多面体の体積は、
「その立体をどう捉えるか」
によって簡単に求められたり、逆に面倒になったりします。
世の中の出来事を、
「多様な面から捉える力」
を養うためにも、このような初等幾何への取り組みも一つの訓練になるでしょう。
下記は、今年のある高校の入試問題です。
高校受験生ならではの解き方もありますが、小学生でも解ける方法がありますね。
(※「錐体の体積」や「各種四角形の面積」を求められる小学生ならば可能。
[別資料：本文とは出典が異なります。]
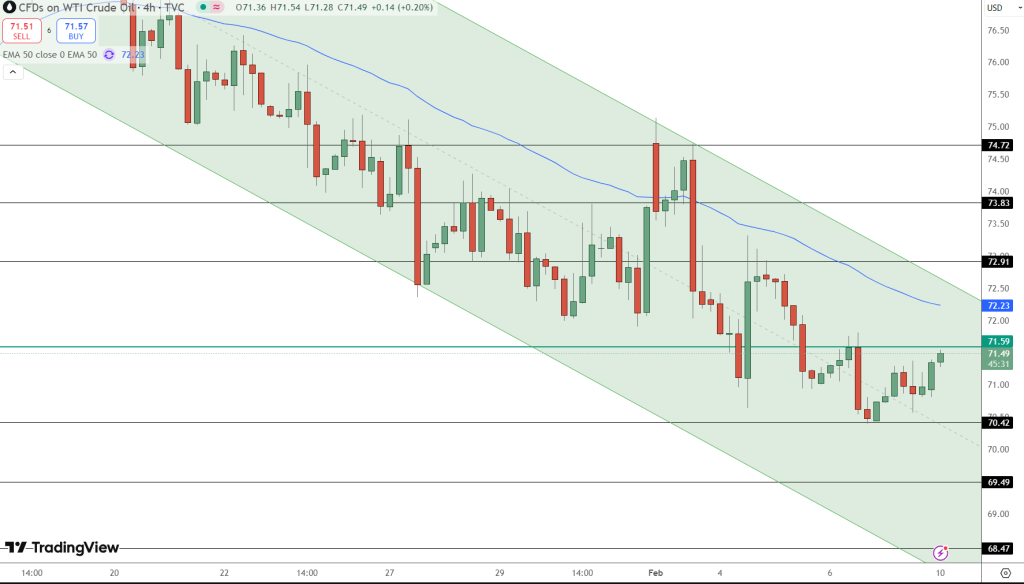 OIL Price Chart - Source: Tradingview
)
【問題】
1辺4の立方体ABCD-EFGHがある。
辺EF上にEP=1となる点Pをとり、
辺BC,CD,GH,FGのそれぞれの中点をQ,R,S,Tとする。
このとき、五面体PQRSTの体積を求めよ。
(答え;40/3)
【解説】
まずは、「高校受験生用の基本解法」から。
この五面体を、
「四角錐P-QRST」
と捉えるのが正攻法でしょう。
「面QRST⊥面ACGE」
であることから、
「点Pから面QRSTまでの距離(=5√2/2)
は簡単に求められますね。
∴2√2×4×5√2/2×1/3=40/3
一方小学生は、そもそも、
「線分QRの長さ」
を求めることができないので、
「四角錐P-QRST」
と捉えたとしても体積を求めることができませんね。
そこで、
「辺AB上にAU=1となる点U」
をとると、
「三角柱UQR-PTS」
の体積は求めることができますね。
また、
「三角錐P-UQR」
の体積も求めることができるので、
「五面体PQRSTの体積」
は、
「(三角柱UQR-PTS)-(三角錐P-UQR)」
で求められますが、
「(三角柱UQR-PTS)×2/3」
で一発で求められるようにしましょう。
さて、再び「高校受験生用の解法」に戻ると、
“断頭三角柱”
としてこの五面体を捉えることができれば、もっと早く解けますね。
つまり、
「△PTS×(4+4+0)/3」
ですね。
※
「五面体」には他に、
「三角柱」、
「三角錐から三角錐を切り落とした立体」
がありますね。
後者の体積に関しては、“体積比”で求めるのが簡単ですね。